Evaluation of advanced reverse transcription-PCR assays and an alternative PCR target region for detection of severe acute respiratory syndrome-associated coronavirus

Abstract

First-generation reverse transcription-PCR (RT-PCR) assays for severe acute respiratory syndrome-associated coronavirus (SARS-CoV) gave false-negative results in a considerable fraction of patients. In the present study, we evaluated two second-generation, replicase (R) gene-based, real-time RT-PCR test kits--the RealArt HPA coronavirus LC kit (Artus, Hamburg, Germany) and the LightCycler SARS-CoV quantification kit (Roche, Penzberg, Germany)--and a real-time RT-PCR assay for the nucleocapsid (N) gene. Detecting the N-gene RNA might be advantageous due to its high abundance in cells. The kits achieved sensitivities of 70.8% (Artus) and 67.1% (Roche) in 66 specimens from patients with confirmed SARS (samples primarily from the upper and lower respiratory tract and stool). The sensitivity of the N-gene assay was 74.2%. The differences in all of the sensitivities were not statistically significant (P = 0.680 [analysis of variance]). Culture cells initially contained five times more N- than R-gene RNA, but the respective levels converged during 4 days of virus replication. In clinical samples the median concentrations of R- and N-gene RNA, respectively, were 1.2 x 10(6) and 2.8 x 10(6) copies/ml (sputum and endotracheal aspirates), 4.3 x 10(4) and 5.5 x 10(4) copies/ml (stool), and 5.5 x 10(2) and 5.2 x 10(2) copies/sample (throat swabs and saliva). Differences between the samples types were significant but not between the types of target RNA. All (n = 12) samples from the lower respiratory tract tested positive in all tests. In conclusion, the novel assays are more sensitive than the first-generation tests, but they still do not allow a comprehensive ruling out of SARS. Methods for the routine sampling of sputum without infection risk are needed to improve SARS RT-PCR.

FIG. 1.

Linear regression of the virus RNA concentrations determined with the N assay (y axis) and each of the two commercial R assays (x axis; suppliers of R assays are identified in the panels) in clinical specimens of SARS patients from Singapore, Hong Kong, and Germany that yielded positive results in both assays (r = correlation coefficient).
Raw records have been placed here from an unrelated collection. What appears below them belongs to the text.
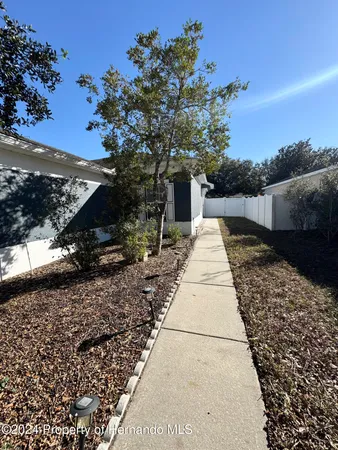 a pathway of a house with a yard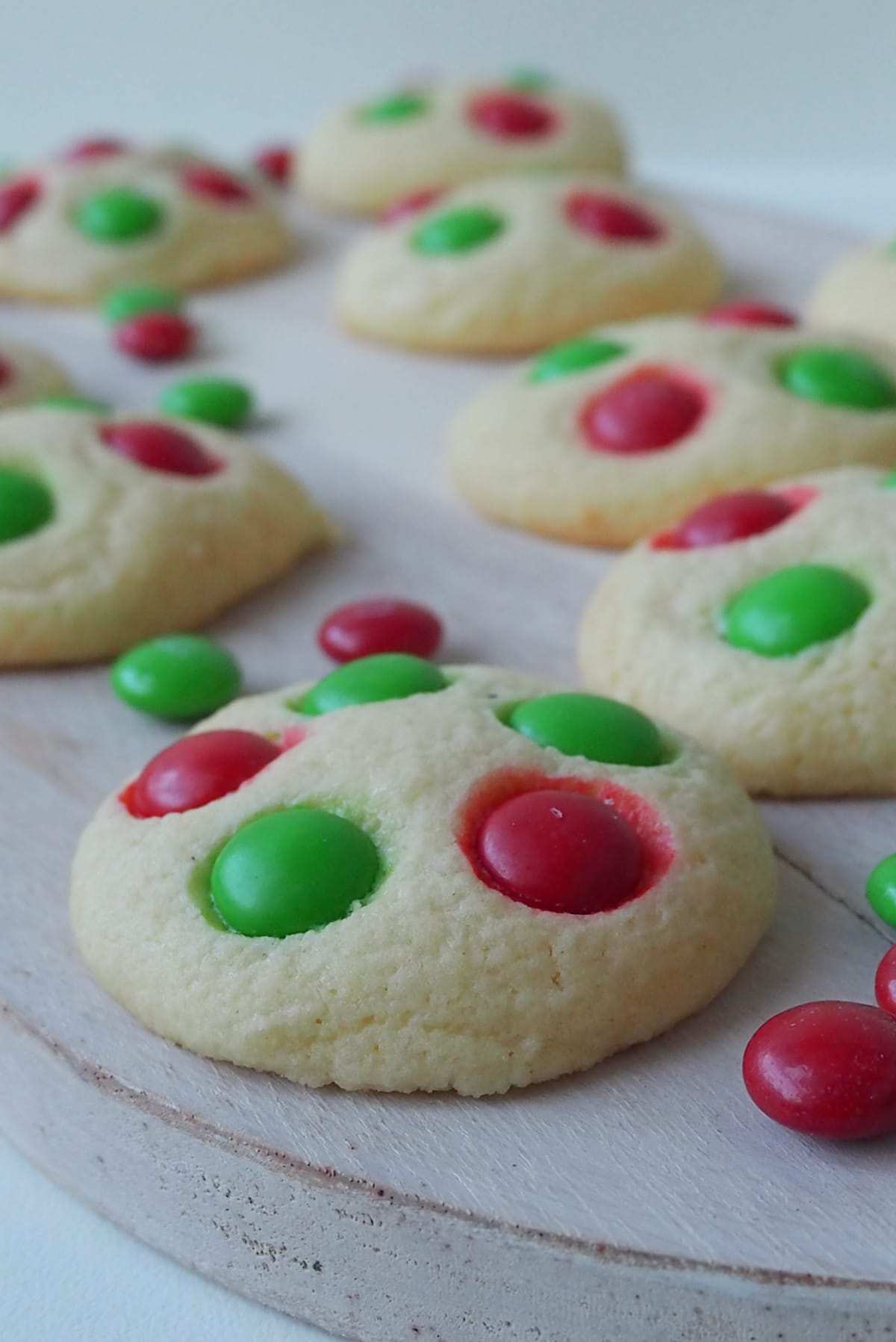Side view of Christmas Biscuits decorated with M&M's on a wooden serving plate.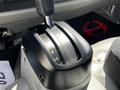 Close-up of the gear shift lever of a 2020 Hino 155 showing positions P R N D 4 L 3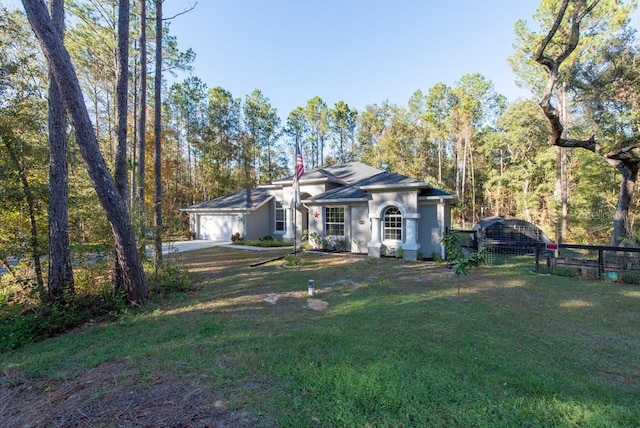 single story home featuring a front lawn and a garage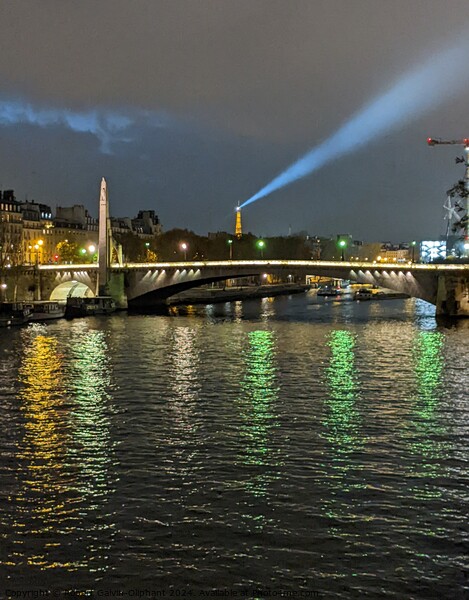 Evening Eiffel tower spotlight  Picture Board by Robert Galvin-Oliphant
For swab samples, virus concentrations are expressed in terms of copies per swab; for all other samples, the virus concentration is given as copies per milliliter of sample.

FIG. 2.

Box plot analysis of concentrations of R- and N-gene RNA (y axis) in three different categories of clinical samples (x axis; ETA = endotracheal aspirate). The upper and lower limits of the boxes represent the innermost two quartiles of the ranked datasets, whereas the lines represent the outermost quartiles. Horizontal lines within boxes represent the medians; crosses depict the means of the datasets. The P values associated with each category of samples are derived from Wilcoxon matched-pair signed-rank tests comparing the observed concentrations of the two different RNA species in each category of samples.

FIG. 3.

(A) Absolute concentrations of R- and N-gene RNA in cell culture during the first 4 days after infection (x axis) in cytoplasm (1:100 dilutions of lysates of 10⁶ cells each) and supernatant (copies per 100 μl). (B) Relative amount of N-gene per R-gene RNA in cells and supernatant over time (linear regressions).